Bununla beraber iradi pay devri her zaman istenen sonucu vermemektedir. Şirketin, şirkette huzursuzluğa yol açan pay sahibi ile ortaklık ilişkisini, pay sahibinin iradesi olmasa dahi, başka yöntemlere başvurarak sona erdirmesi gerekebilir. Bu nedenle, şirketlerin pay sahiplerini şirketten çıkarma hakkı önemli bir çözüm sağlayabilir. Keza, bir şirkette kontrol yetkisi bulunmayan pay sahibi, etki edemediği kararların sonuçlarına katlanmak istemeyebilir ve payı için müstakbel bir alıcı olmasa dahi ortaklık ilişkisinin devam etmemesini isteyebilir. Pay sahibinin paylarını başka bir pay sahibine satarak şirketten çıkma veya paylarını bizzat şirkete satarak ayrılma hakkı bu nedenle önem arz eder.
Bu makalemizde anonim şirketlerde ortaklık ilişkisini sona erdiren çıkma, çıkarma ve ayrılma haklarına ilişkin kanuni düzenlemeler ele alınacaktır.
TTK Hükümleri
6102 sayılı Türk Ticaret Kanunu[1] (“TTK”) ile pay sahibinin anonim şirketten çıkarılması (squeeze-out) ilk defa düzenlenir. TTK ayrıca şirketler topluluğu hükümlerinde, belirli hallerin varlığında kontrolü elinde bulundurmayan pay sahibine tanınan çıkma haklarını da düzenler.

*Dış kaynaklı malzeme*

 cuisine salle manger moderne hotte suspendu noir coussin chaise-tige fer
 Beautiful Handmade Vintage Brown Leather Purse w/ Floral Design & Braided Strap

Şirketin Çıkarma Hakkı (Squeeze-out)
Mülga 6762 sayılı Türk Ticaret Kanunu’nda pay sahibinin pay bedelini ödeme borcunu yerine getirmemesi halinde söz konusu payın ıskatı düzenlenmişti. TTK, ıskata ilişkin bu düzenlemeyi muhafaza eder. Ancak bu durumda dahi, pay sahibinin yalnızca pay bedelini tamamen ödemediği paylardan ıskatı söz konusu olur. Örneğin, sermaye artırımı öncesi mevcut paylarının bedelini ödeyen, ancak artırım sonrası yeni taahhüt ettiği payları ödemede temerrüde düşen pay sahibi, yalnızca sermaye artırımı ile elde ettiği paylardan mahrum bırakılabilir. Iskat her durumda ortaklık ilişkisinin sona ermesine yol açmaz.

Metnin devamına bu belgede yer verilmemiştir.